The first Swedish expedition to Svalbard was conducted in 1858 by Otto Martin Torell and Adolf Erik Nordenskiöld in the sloop Frithiof. The expedition made biological and geological observations along the coast of Spitsbergen.

Some later expeditions such as the Swedish–Russian Arc-of-Meridian Expedition, gave Swedish names to places in the archipelago such as Gustav V Land and Svenskøya.

===Swedish Spitsbergen Expedition 1864===
In 1864 an expedition was conducted under the leadership of Nordenskiöld with the ship Axel Thordsen.

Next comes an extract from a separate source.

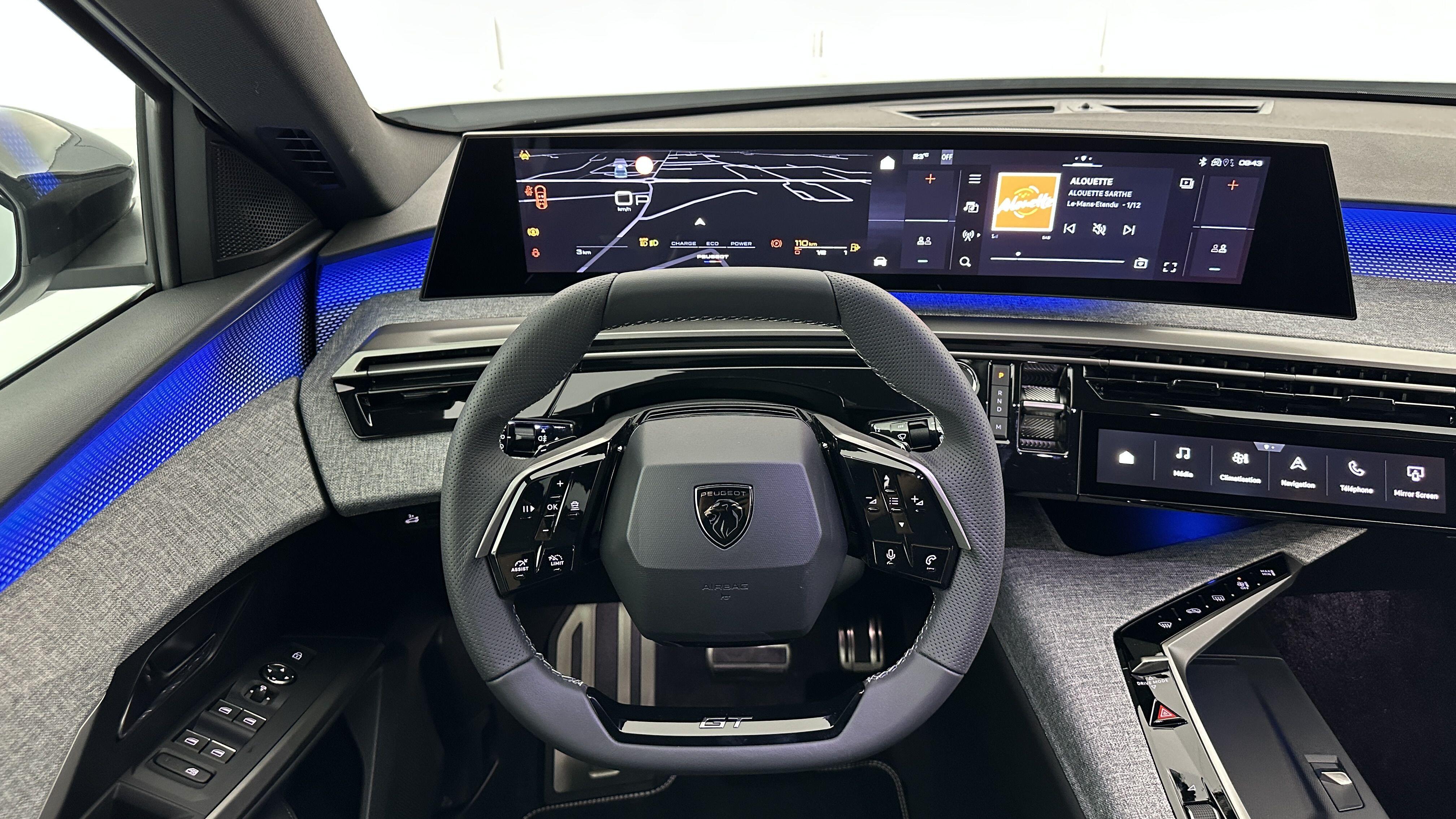 PEUGEOT 5008 1.2 Hybrid 145ch GT e-DCS6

The expedition had the purpose of exploring Spitsbergen and had three members of the research team: Nordenskiöld as leader, astronomer Nils Dunér and zoologist Anders Johan Malmgren.

The expedition left Tromsø early in the morning of 7 June 1864. On the way to Spitsbergen, the ship first stopped at Bjørnøya, which lies halfway between Tromsø and the southernmost part of Spitsbergen. Nordenskiöld then drew a map of the then relatively unknown island. This map was then used for 30 years, until an updated map was published in 1899 by Theodor Lerner. After a two-day stopover, the ship sailed on to Spitsbergen without major problems.

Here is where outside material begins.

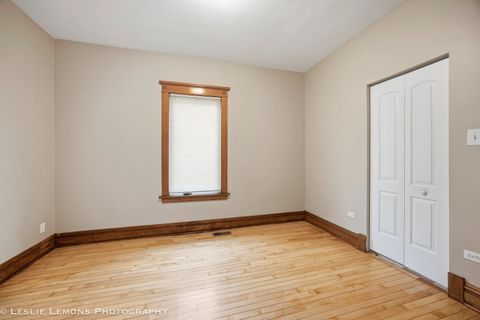 Tiny photo for 2423 Wesley Avenue, Berwyn, IL 60402 (MLS # 12564412)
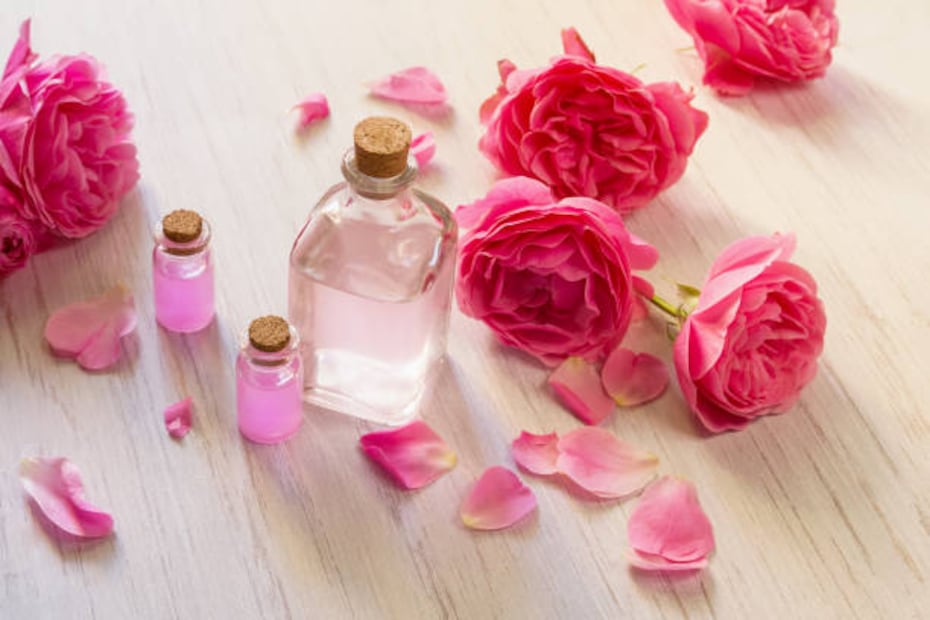El agua de rosas puede utilizarse como desmaquillante o para fijar el maquillaje. Foto: Unsplash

Once on Spitsbergen, Nordenskiöld and the other scientists set about collecting geological samples and surveying the mountains. The rest of the crew hunted reindeer and seals for provisions. The expedition relied heavily on hunting, especially reindeer hunting.

They returned to Tromsø on 13 September 1864.

==AB Isfjorden==
AB Isfjorden was a Swedish company that was formed around 1870 to mine phosphorite found by Nordenskiöld and Oscar Dickson during his 1864 expedition to Cape Thordsen at Isfjorden on Spitsbergen in Svalbard.

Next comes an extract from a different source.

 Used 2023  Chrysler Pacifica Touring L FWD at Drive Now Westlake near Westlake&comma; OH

A reconnaissance took place in 1872, in which, among others, the geologist Per Öberg participated. The project was canceled after it was deemed impossible to start profitable mining, especially when other phosphates began to enter the trade. Remaining from the project preparations was a two-story residential building built for the company at Cape Thordsen, which later became known as the "Swedish House". This was used as an expedition house for several Swedish polar expeditions.

AB Isfjorden's development plans were finally abandoned after Adolf Erik's son Gustaf Nordenskiöld mapped the area in the summer of 1890.

===Svenskhuset===
Svenskhuset (the Swedish House) is the oldest house on Spitsbergen. The house was erected by AB Isfjorden on Cape Thordsen, and was intended to withstand the harsh conditions of the Svalbard winters.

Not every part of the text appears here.